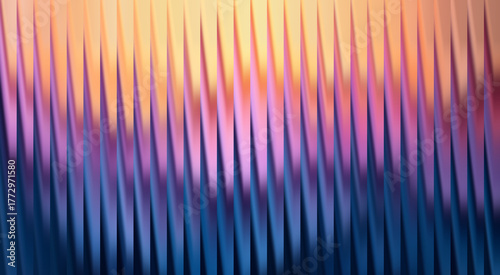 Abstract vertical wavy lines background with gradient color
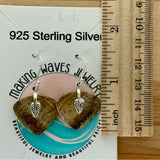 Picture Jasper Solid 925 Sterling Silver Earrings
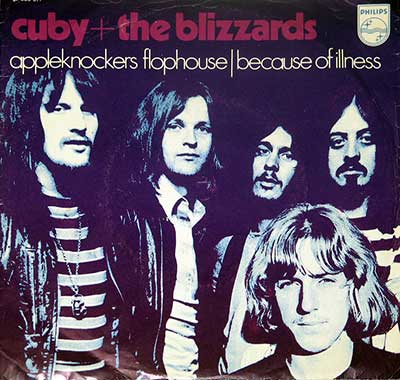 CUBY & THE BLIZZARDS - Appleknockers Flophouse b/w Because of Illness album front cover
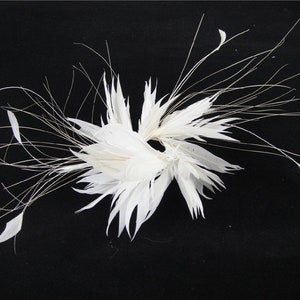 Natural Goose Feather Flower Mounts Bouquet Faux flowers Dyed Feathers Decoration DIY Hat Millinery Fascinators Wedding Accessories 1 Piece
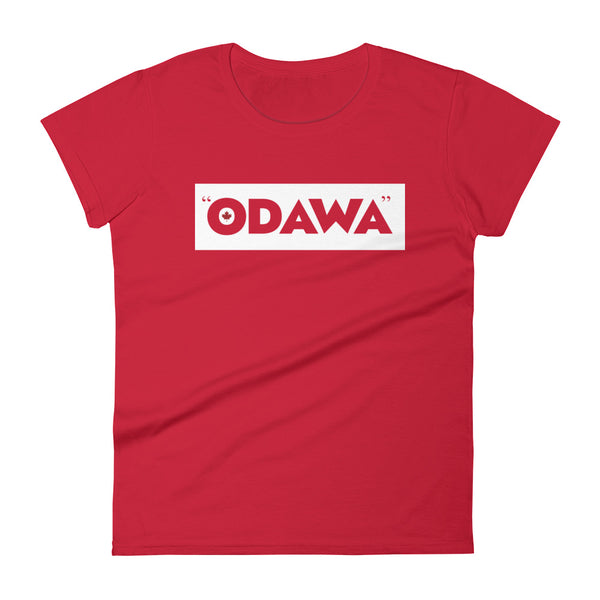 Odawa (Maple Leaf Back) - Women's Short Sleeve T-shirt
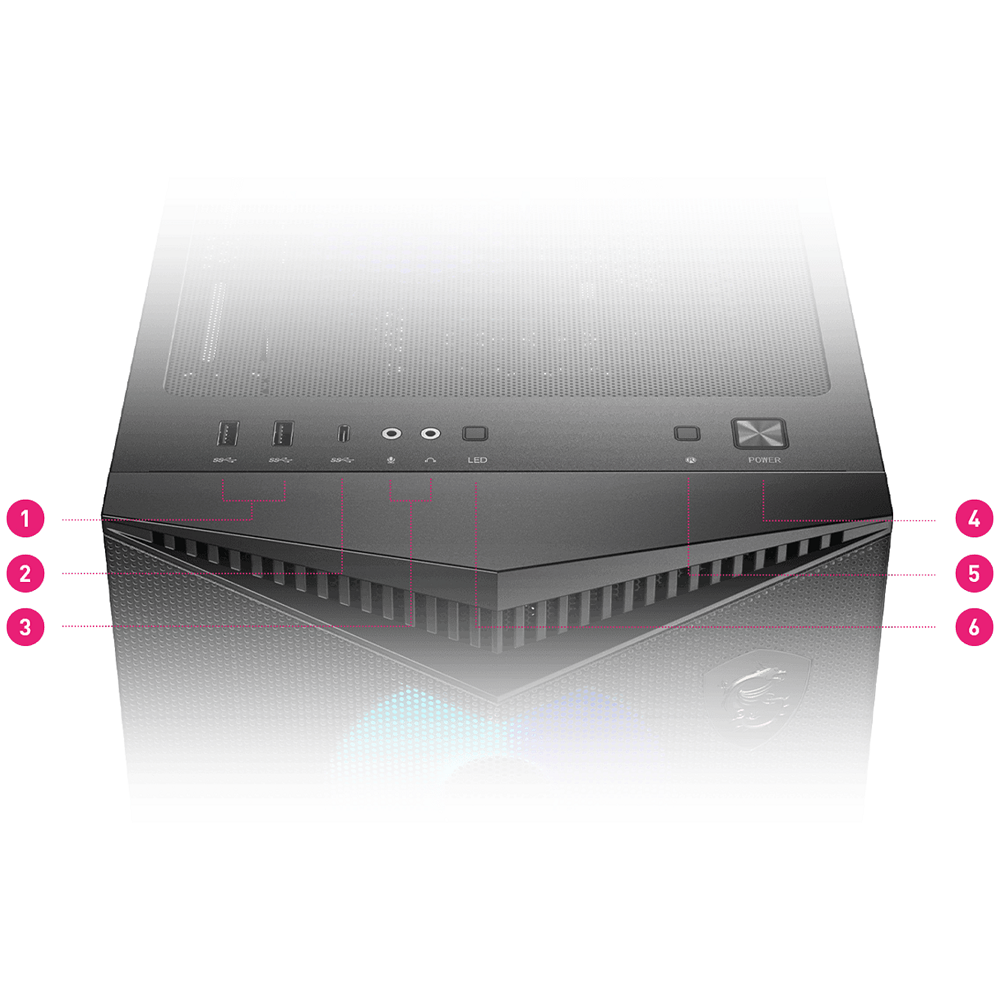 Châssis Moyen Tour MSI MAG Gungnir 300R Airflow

+---+

> EXERCISE DIRECTIONS:
Transcribe the opening line of the listing above, please, and every line after it through the line with "Odawa (Maple Leaf", word for word, without pictures.

> ANSWER BOX:
 Abstract vertical wavy lines background with gradient color
 Picture Jasper Solid 925 Sterling Silver Earrings
 CUBY & THE BLIZZARDS - Appleknockers Flophouse b/w Because of Illness album front cover
 Natural Goose Feather Flower Mounts Bouquet Faux flowers Dyed Feathers Decoration DIY Hat Millinery Fascinators Wedding Accessories 1 Piece
 Odawa (Maple Leaf Back) - Women's Short Sleeve T-shirt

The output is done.